Data shown:
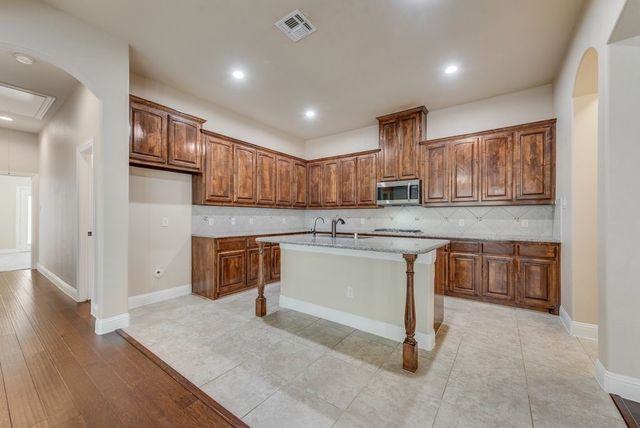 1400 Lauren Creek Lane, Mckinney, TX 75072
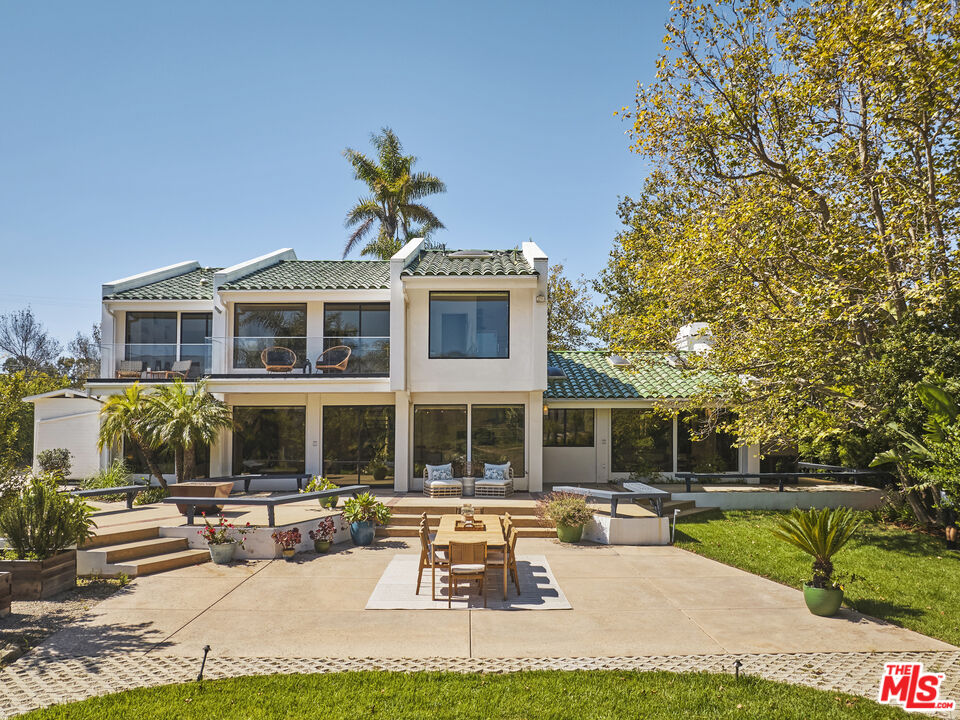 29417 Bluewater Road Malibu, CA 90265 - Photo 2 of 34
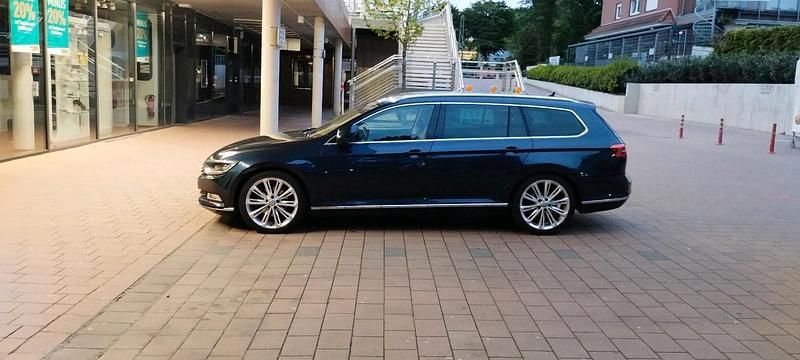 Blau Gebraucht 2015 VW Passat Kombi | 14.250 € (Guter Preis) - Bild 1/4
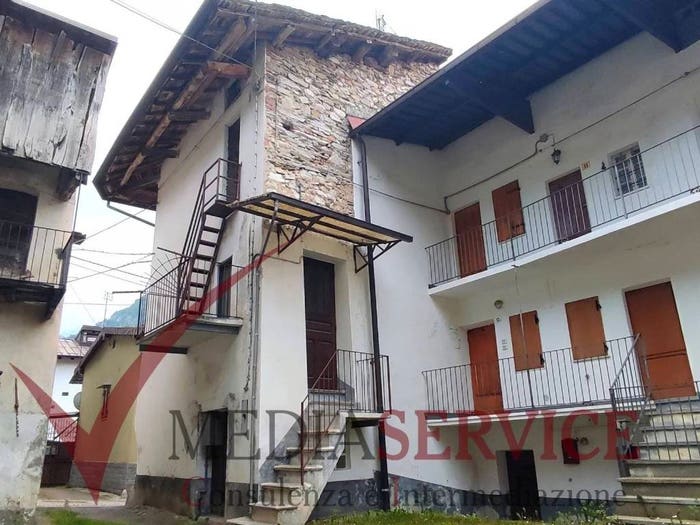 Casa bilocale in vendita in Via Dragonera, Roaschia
* * *
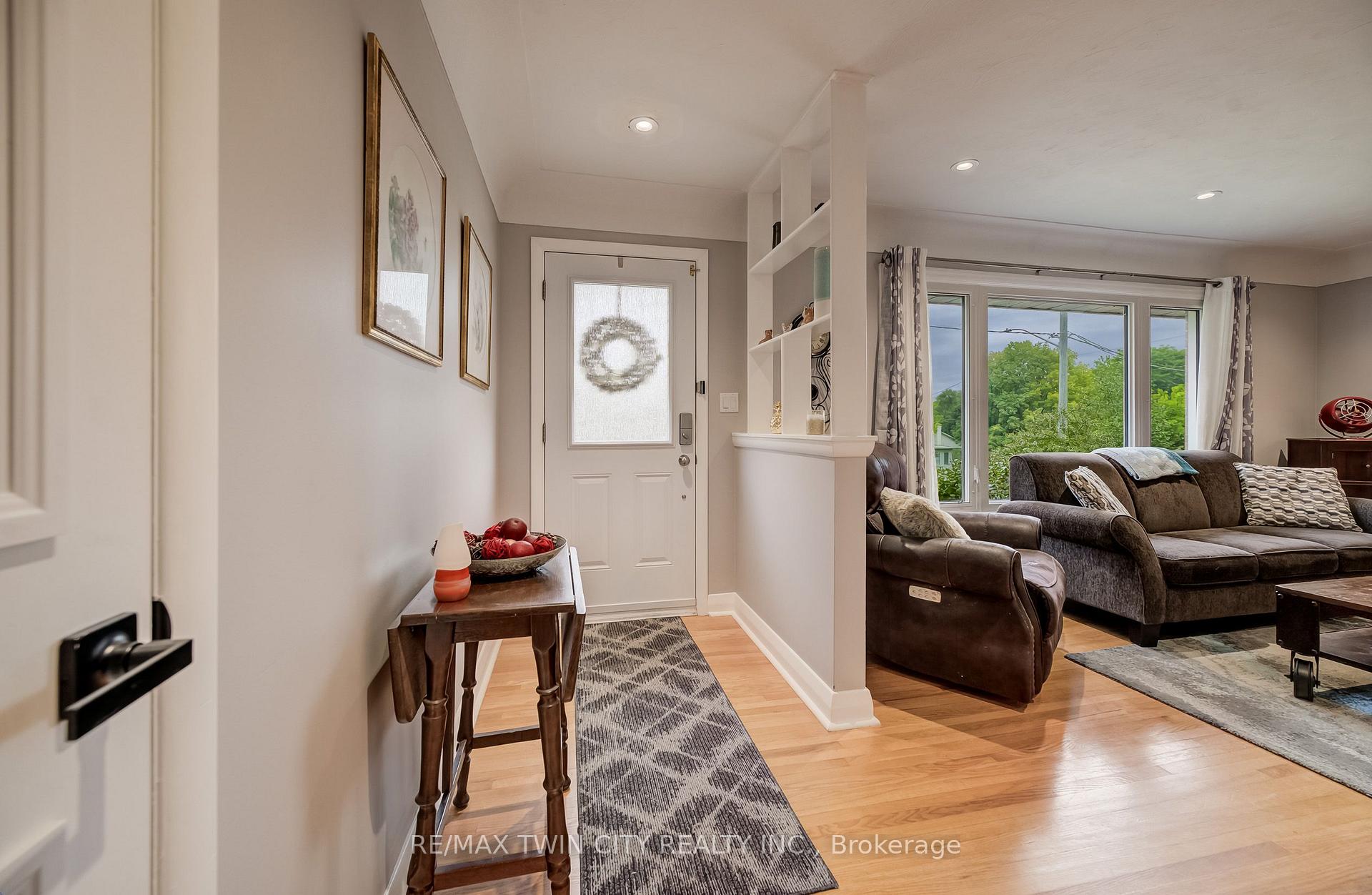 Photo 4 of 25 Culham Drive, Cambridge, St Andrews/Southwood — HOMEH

Problem to solve: Only the lines starting at the one that includes "1400 Lauren Creek Lane, Mckinney, TX 75072" and ending at the one that includes "Casa bilocale in" should be retyped, exactly, from the records above; no pictures.

Written answer:
 1400 Lauren Creek Lane, Mckinney, TX 75072
 29417 Bluewater Road Malibu, CA 90265 - Photo 2 of 34
 Blau Gebraucht 2015 VW Passat Kombi | 14.250 € (Guter Preis) - Bild 1/4
 Casa bilocale in vendita in Via Dragonera, Roaschia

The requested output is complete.